Search papers, labs, and topics across Lattice.
This paper introduces Semantic-Augmented DRL (SA-DRL), a framework that leverages LLMs to improve UAV deployment in VANETs by providing semantic understanding of road topology. They transform a general-purpose LLM into a domain-specific topology expert using a four-stage pipeline and inject its reasoning into a PPO agent via a Logit Fusion mechanism. Results show that SA-PPO significantly outperforms existing methods in connectivity and energy efficiency, achieving comparable performance with only 26.6% of the training episodes.
Forget blind exploration: injecting LLM-derived semantic understanding into DRL dramatically boosts UAV-aided network connectivity and slashes energy consumption.
Vehicular Ad-hoc Networks (VANETs) are the digital cornerstone of autonomous driving, yet they suffer from severe network fragmentation in urban environments due to physical obstructions.
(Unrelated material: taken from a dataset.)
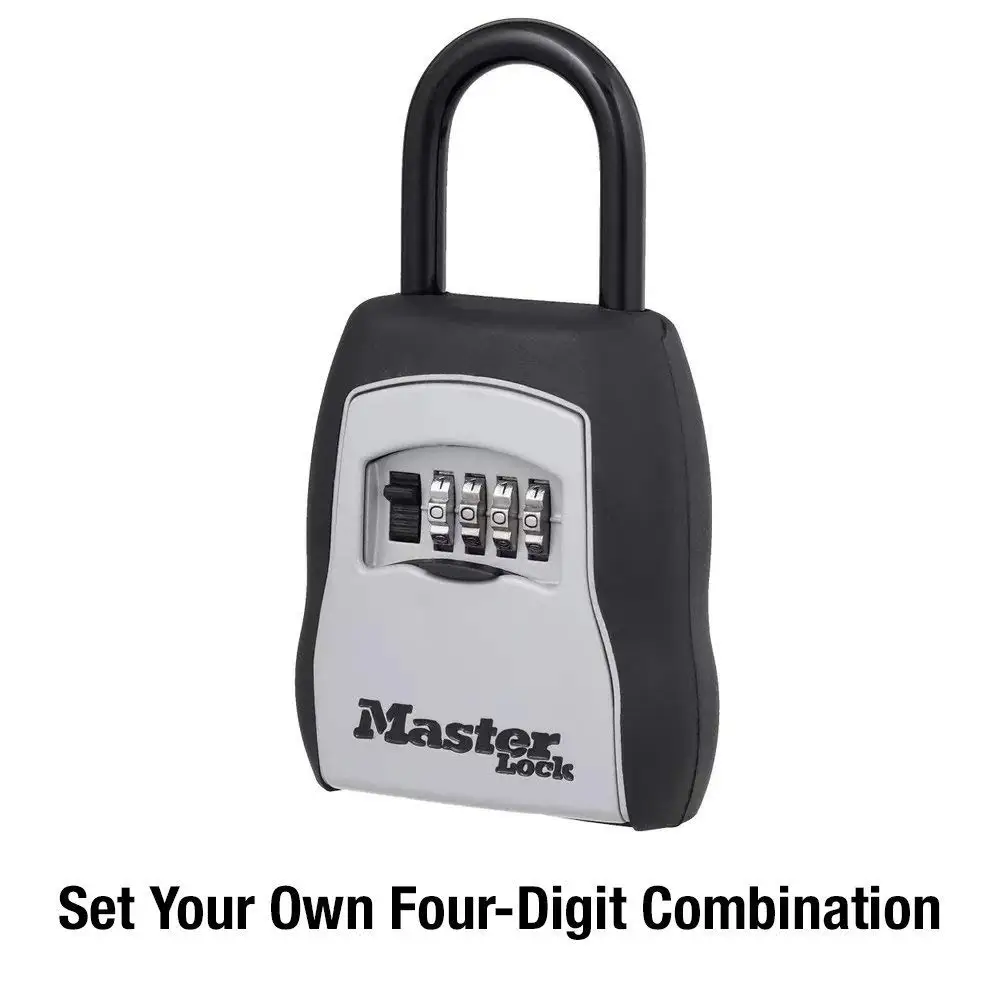 Caixa de Bloqueio Master Lock Definir Própria Combinação Portátil 5 Capacidade Chave Preto 5400d Sua 3 High Quality Segurança e Proteção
Unmanned Aerial Vehicles (UAVs), with their high mobility, have emerged as a vital solution to bridge these connectivity gaps. However, traditional Deep Reinforcement Learning (DRL)-based UAV deployment strategies lack semantic understanding of road topology, often resulting in blind exploration and sample inefficiency. By contrast, Large Language Models (LLMs) possess powerful reasoning capabilities capable of identifying topological importance, though applying them to control tasks remains challenging. To address this, we propose the Semantic-Augmented DRL (SA-DRL) framework. Firstly, we propose a fragmentation quantification method based on Road Topology Graphs (RTG) and Dual Connected Graphs (DCG). Subsequently, we design a four-stage pipeline to transform a general-purpose LLM into a domain-specific topology expert. Finally, we propose the Semantic-Augmented PPO (SA-PPO) algorithm, which employs a Logit Fusion mechanism to inject the LLM's semantic reasoning directly into the policy as a prior, effectively guiding the agent toward critical intersections. Extensive high-fidelity simulations demonstrate that SA-PPO achieves state-of-the-art performance with remarkable efficiency, reaching baseline performance levels using only 26.6% of the training episodes. Ultimately, SA-PPO improves two key connectivity metrics by 13.2% and 23.5% over competing methods, while reducing energy consumption to just 28.2% of the baseline.